Without adding anything, give again the lines from the one holding "Chevrolet Malibu LT PLATINUM EDITION 2010-1" through the final line of the records, exactly, with both ends included and pictures dropped.
■ ■ ■ ■ ■ ■ ■
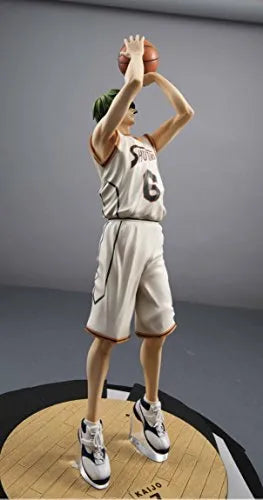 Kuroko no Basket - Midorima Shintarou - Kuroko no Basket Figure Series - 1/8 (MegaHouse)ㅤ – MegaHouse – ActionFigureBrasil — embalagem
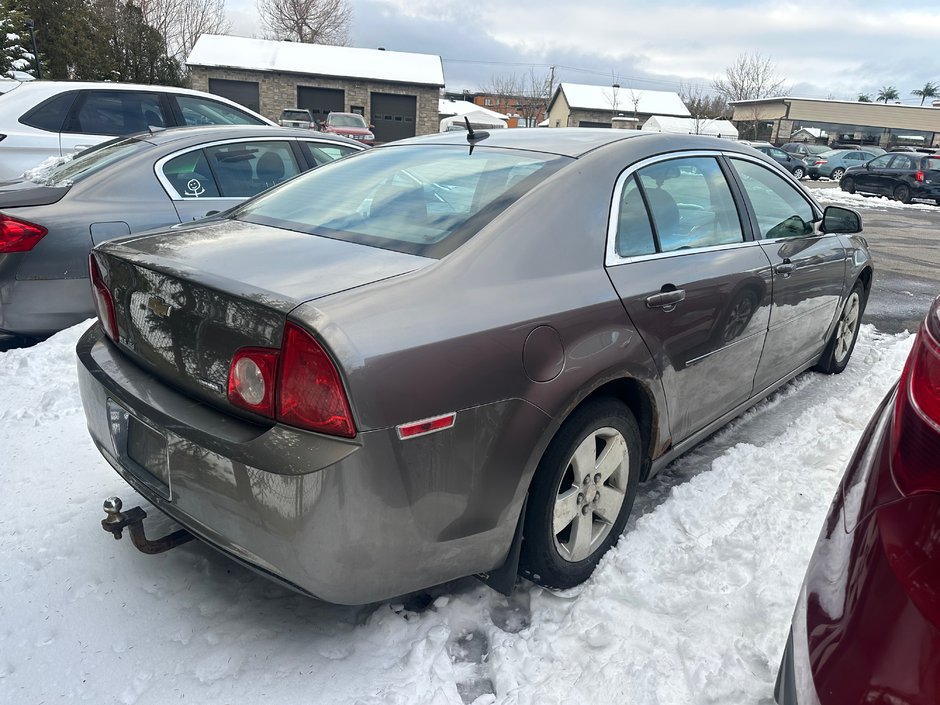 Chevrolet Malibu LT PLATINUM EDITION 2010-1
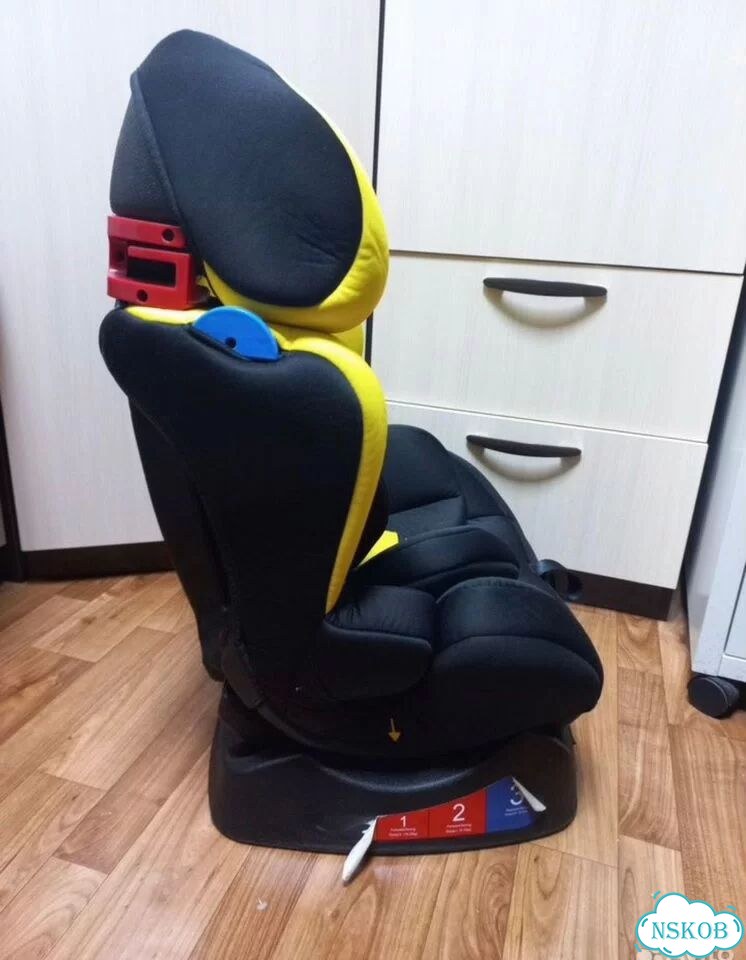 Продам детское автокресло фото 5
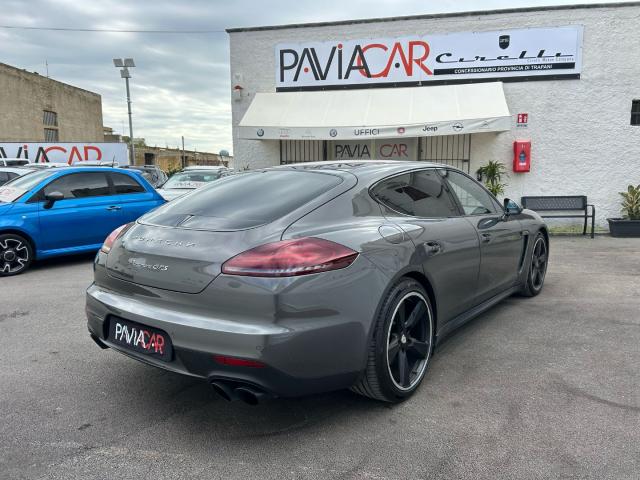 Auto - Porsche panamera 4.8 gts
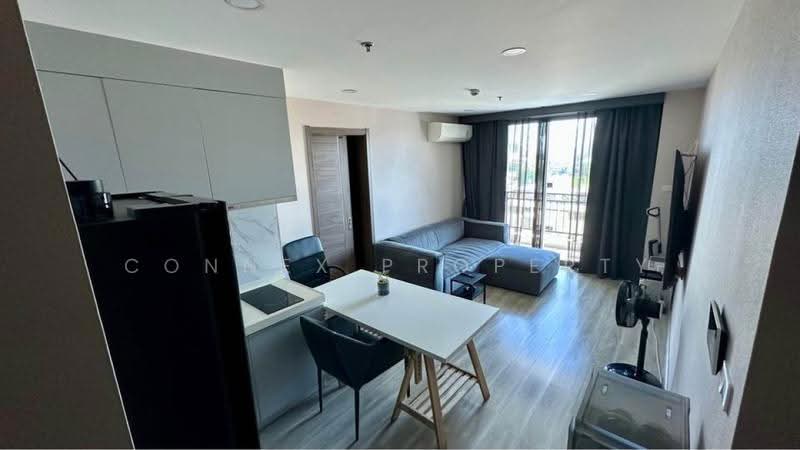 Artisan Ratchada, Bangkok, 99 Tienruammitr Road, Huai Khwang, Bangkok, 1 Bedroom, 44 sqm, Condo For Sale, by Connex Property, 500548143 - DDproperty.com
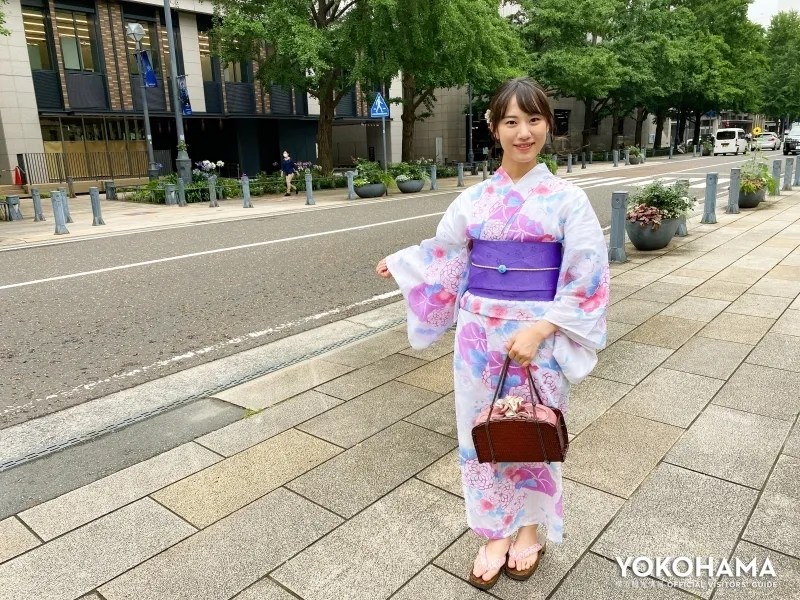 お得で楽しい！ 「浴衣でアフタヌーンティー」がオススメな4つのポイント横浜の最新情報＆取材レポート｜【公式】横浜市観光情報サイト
■ ■ ■ ■ ■ ■ ■
**Output of the task:**
 Chevrolet Malibu LT PLATINUM EDITION 2010-1
 Продам детское автокресло фото 5
 Auto - Porsche panamera 4.8 gts
 Artisan Ratchada, Bangkok, 99 Tienruammitr Road, Huai Khwang, Bangkok, 1 Bedroom, 44 sqm, Condo For Sale, by Connex Property, 500548143 - DDproperty.com
 お得で楽しい！ 「浴衣でアフタヌーンティー」がオススメな4つのポイント横浜の最新情報＆取材レポート｜【公式】横浜市観光情報サイト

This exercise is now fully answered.